- **SUPPLIED DATA**:
★ ★ ★ ★

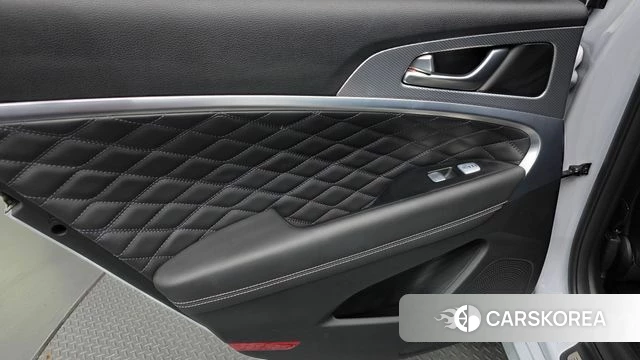 Genesis The New G70 id 4992321 из Кореи 17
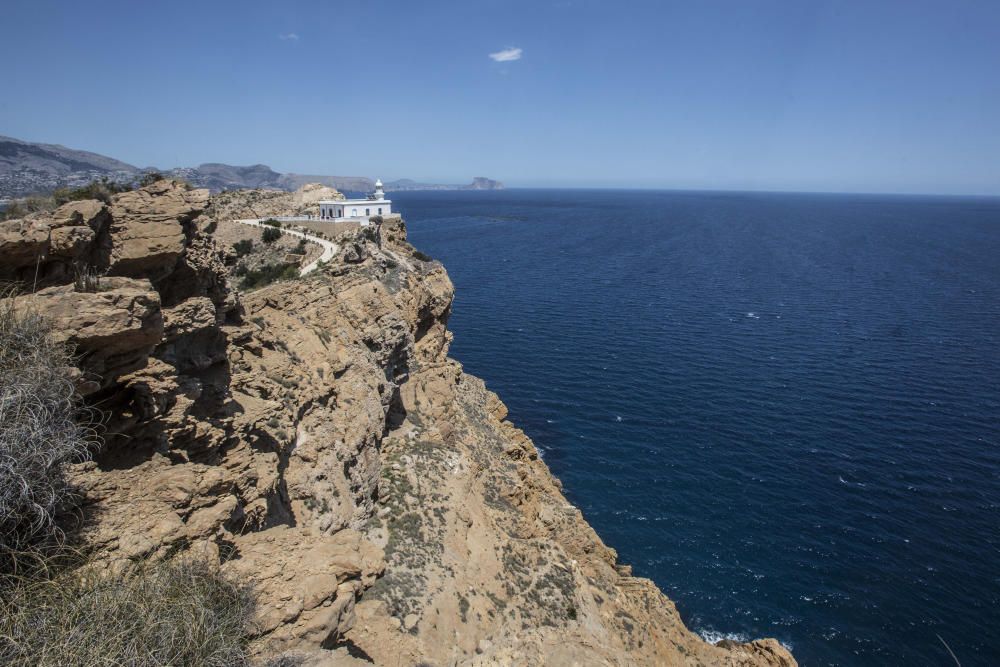 Imágenes espectaculares de los faros de Alicante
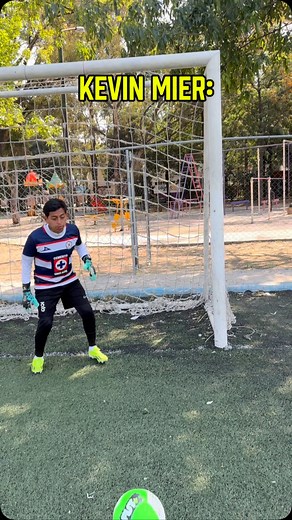 91K views · 9.3K reactions | Kevin Mier en la liga mx ⚽️理 #futbol #soccer #portero #porterofutbol #kevinmier #cruzazul #viral #viralreels #reelsviral #feed #feeding #feedback | Juanpis | Facebook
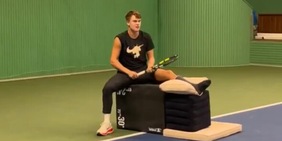 Pazzesco Rune, è già in campo dopo l'operazione al tendine d'achille: il video dello strano allenamento è virale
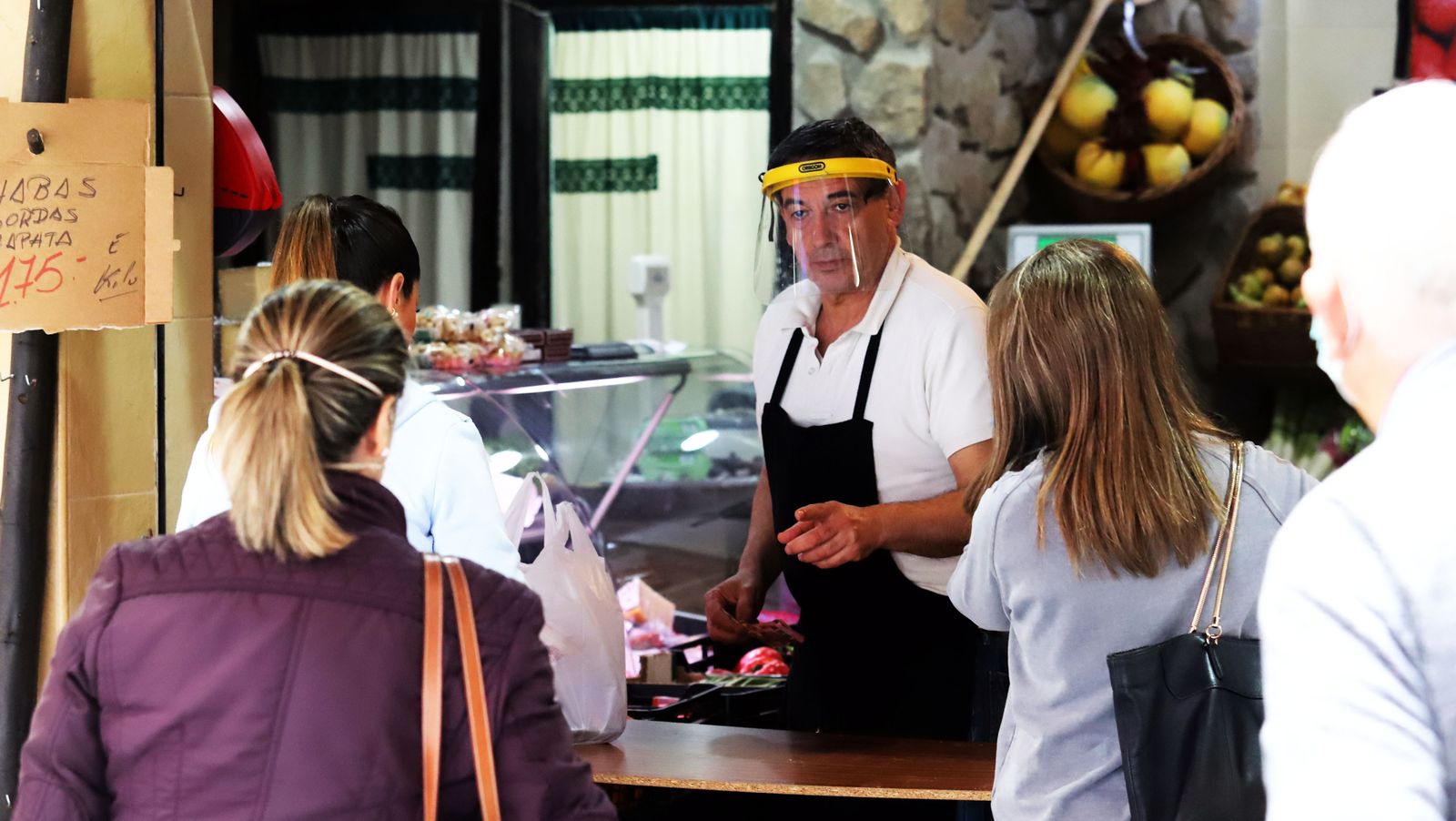 Imágenes de la actividad en las pequeñas tiendas de alimentación, fruterías y pescaderías
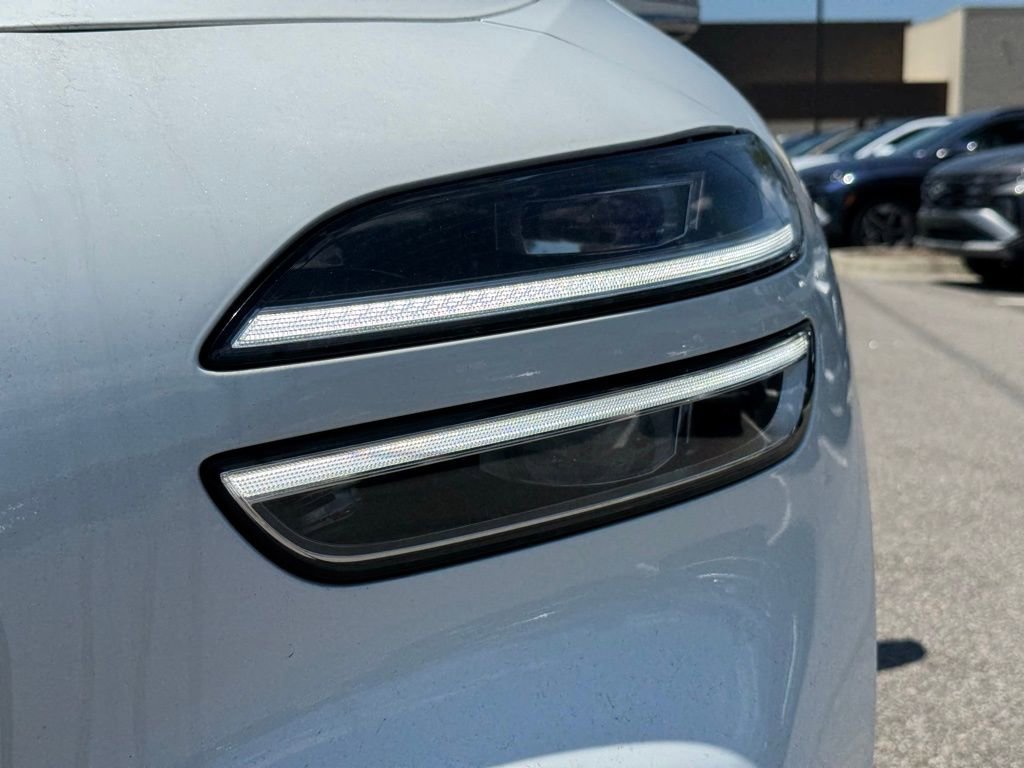 Used 2025 Genesis G70 2.5T image 9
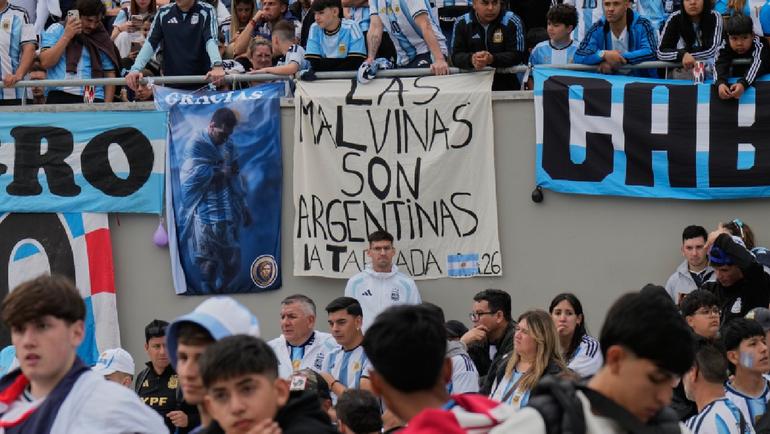 Banderas e imágenes de Lionel Messi | AP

★ ★ ★ ★

- **ACTIVITY**: Output the material verbatim, skipping the images.

- **RESPONSE BOX**:
 Genesis The New G70 id 4992321 из Кореи 17
 Imágenes espectaculares de los faros de Alicante
 91K views · 9.3K reactions | Kevin Mier en la liga mx ⚽️理 #futbol #soccer #portero #porterofutbol #kevinmier #cruzazul #viral #viralreels #reelsviral #feed #feeding #feedback | Juanpis | Facebook
 Pazzesco Rune, è già in campo dopo l'operazione al tendine d'achille: il video dello strano allenamento è virale
 Imágenes de la actividad en las pequeñas tiendas de alimentación, fruterías y pescaderías
 Used 2025 Genesis G70 2.5T image 9
 Banderas e imágenes de Lionel Messi | AP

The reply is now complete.